Dabei soll die Tarifautonomie, also die Verhandlungshoheit über einen Tarifvertrag, nicht ausgehöhlt werden. Vielmehr würde sie gestärkt, wenn Tarifverträge für alle in einer Branche gelten könnten. Denkbar wäre zum Beispiel, dass man gesetzlich festlegt, dass bei einer bestimmten Prozentzahl an Tarifbindung automatisch ein Verfahren zur Erklärung der Allgemeinverbindlichkeit erfolgen muss. Man könnte sogar so weit gehen, dass dieses grundsätzlich für nicht tarifgebundene Bereiche zu geschehen hat. Dann gäbe es eine hohe Motivation auch für bisher unwillige Arbeitgeber, für alle, in Tarifvertragsgespräche einzusteigen, und gleichzei

tig hätten wir die Sicherheit, dass es keine ungeregelten Arbeitssituationen mehr gibt. Die Freiheit, einen eigenen Tarifvertrag, zum Beispiel einen Haustarifvertrag, abzuschließen, gäbe es immer noch, aber es gäbe eben auch die Sicherheit für die Arbeitnehmer, unter geregelten Bedingungen zu arbeiten.
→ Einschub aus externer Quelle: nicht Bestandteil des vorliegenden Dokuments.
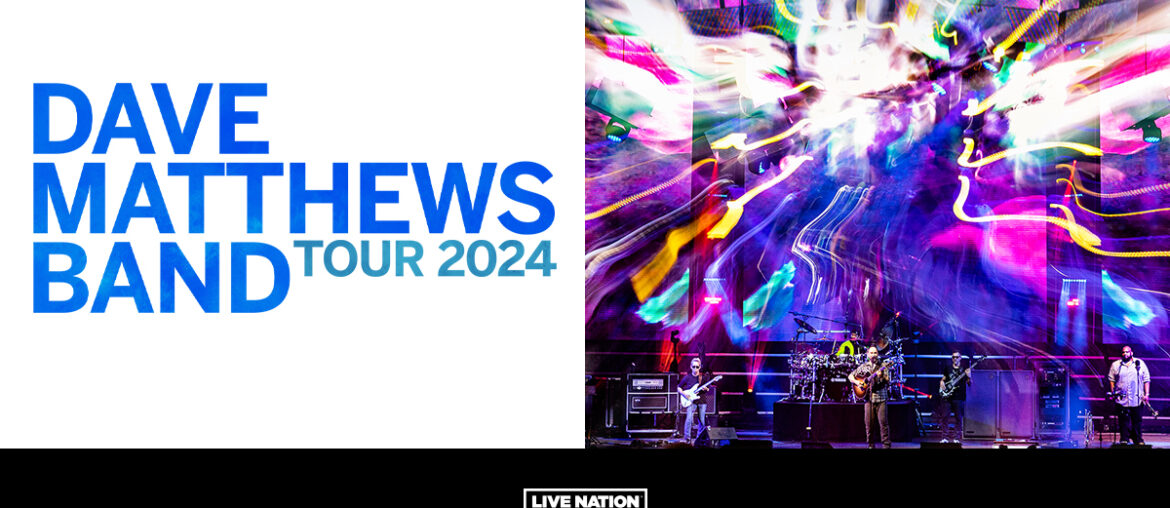 Dave Matthews Band - PNC Bank Arts Center - 07070707 1010 2024202420242024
Wir stellen immer wieder fest, dass die heutige Zeit schnelllebig ist, die Menschen oft überfordert sind und die Menschen viel mehr Unsicherheit auf ihrem Lebensweg haben als früher. Das führt zu Verdrossenheit, und hier müssen wir als Politik etwas tun. Sonst wenden sich die Menschen den Extremisten zu. Jemand, der jeden Morgen zur Arbeit geht, hat ein Anrecht darauf, dass der Staat ihm geregelte und sichere Lebens- und Arbeitsbedingungen ermöglicht.

Deshalb stimmen wir dem SPD-Antrag zu. Wir freuen uns, dass die Landesregierung der Initiative von Nordrhein-Westfalen zugestimmt hat. - Vielen Dank.

(Beifall SSW und SPD)

Das Wort zu einem Kurzbeitrag hat der Abgeordnete Thomas Hölck.

Frau Präsidentin! Sehr geehrte Kolleginnen und Kollegen! Ich habe den Ausführungen der Kollegen der Jamaika-Koalition mit Interesse zugehört, und ich höre auch gern Herrn Kalinka zu, weil wir uns in dieser Frage - glaube ich - kaum unterscheiden. Die Frage, die Sie nicht beantwortet haben, ist: Was wollen Sie eigentlich tun?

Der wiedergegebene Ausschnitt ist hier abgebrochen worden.